Monday, December 6, 1999

Editor:

Gene Touchet ("Scriptures Should Be Applied as a Balm, Not as a Weapon," Sunday Opinion, December 5, 1999) will not tolerate the beliefs of Bible-believing Christians, and seeks to impose his Secularist values upon us. The Bible commands us to use it as a weapon against those who would destroy the moral fabric of society, repeatedly likening the Word of God to a sword (Hebrews 4:12; Revelation 19:15; Ephesians 6:17; Isaiah 11:4; Matthew 10:34).

"Unfortunately," Mr. Touchet moralizes, "words such as ‘wrong’ and ‘sin’" are too often used by Christians, which he says is wrong, if not sinfully contrary to "the Constitution, [which] gives each of us the right to believe or not to believe." But in the Constitutional Convention on Wednesday, August 22, 1787, George Mason, "The Father of the Bill of Rights," urged a constitutional prohibition on slavery, as being among those evils which

bring the judgment of Heaven on a country. As nations cannot be rewarded or punished in the next world, they must be in this. By an inevitable chain of causes and effects, Providence punishes national sins by national calamities.

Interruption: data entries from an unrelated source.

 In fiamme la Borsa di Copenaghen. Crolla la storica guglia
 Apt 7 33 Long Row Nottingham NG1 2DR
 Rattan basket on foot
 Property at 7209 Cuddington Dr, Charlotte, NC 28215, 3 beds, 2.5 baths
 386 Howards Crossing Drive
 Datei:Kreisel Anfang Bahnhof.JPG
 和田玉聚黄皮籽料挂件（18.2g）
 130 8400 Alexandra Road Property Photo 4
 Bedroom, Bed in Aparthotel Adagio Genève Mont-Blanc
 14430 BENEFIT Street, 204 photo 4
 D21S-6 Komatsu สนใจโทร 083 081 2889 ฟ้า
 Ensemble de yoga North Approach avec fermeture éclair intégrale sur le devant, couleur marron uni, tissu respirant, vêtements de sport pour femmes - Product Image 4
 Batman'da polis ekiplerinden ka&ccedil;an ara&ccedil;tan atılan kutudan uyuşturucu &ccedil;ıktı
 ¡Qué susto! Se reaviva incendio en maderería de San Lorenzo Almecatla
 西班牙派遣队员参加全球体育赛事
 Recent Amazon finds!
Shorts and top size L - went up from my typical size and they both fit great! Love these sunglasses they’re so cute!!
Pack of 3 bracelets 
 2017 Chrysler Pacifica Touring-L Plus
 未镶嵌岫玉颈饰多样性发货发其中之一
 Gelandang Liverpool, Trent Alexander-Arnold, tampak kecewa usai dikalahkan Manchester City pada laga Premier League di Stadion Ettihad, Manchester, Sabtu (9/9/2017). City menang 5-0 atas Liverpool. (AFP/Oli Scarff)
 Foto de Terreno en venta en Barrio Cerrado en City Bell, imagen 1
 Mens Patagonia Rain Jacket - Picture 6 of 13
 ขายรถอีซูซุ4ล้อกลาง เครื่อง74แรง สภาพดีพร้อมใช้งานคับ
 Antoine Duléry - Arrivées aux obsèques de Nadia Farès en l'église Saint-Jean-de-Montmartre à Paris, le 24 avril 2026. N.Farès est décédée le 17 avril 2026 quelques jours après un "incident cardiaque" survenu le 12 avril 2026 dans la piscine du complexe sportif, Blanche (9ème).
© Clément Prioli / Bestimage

On March 23, 1798, President John Adams issued an official proclamation

that Wednesday, the 9th day of May next, be observed throughout the United States as a day of solemn humiliation, fasting, and prayer; that the citizens of these States, abstaining on that day from their customary worldly occupations, offer their devout addresses to the Father of Mercies . . . with the deepest humility, acknowledge before God the manifold sins and transgressions with which we are justly chargeable as individuals and as a nation, beseeching Him at the same time, of His infinite grace, through the Redeemer of the World, freely to remit all our offenses, and to incline us by His Holy Spirit to that sincere repentance and reformation which may afford us reason to hope for his inestimable favor and heavenly benediction;

In the midst of the Civil War, which he believed was one of those "national calamities" spoken of by Col. Mason, Abraham Lincoln proclaimed,

it is the duty of nations as well as of men to own their dependence upon the overruling power of God, to confess their sins and transgressions in humble sorrow, yet with assured hope that genuine repentance will lead to mercy and pardon, and to recognize the sublime truth, announced in the Holy Scriptures and proven by all history, that those nations only are blessed whose God is the Lord . . . .

The voices of "tolerance" are those mocked by the Prophet Jeremiah: "They have healed the hurt of My people slightly, saying, 'Peace, peace!' when there is no peace."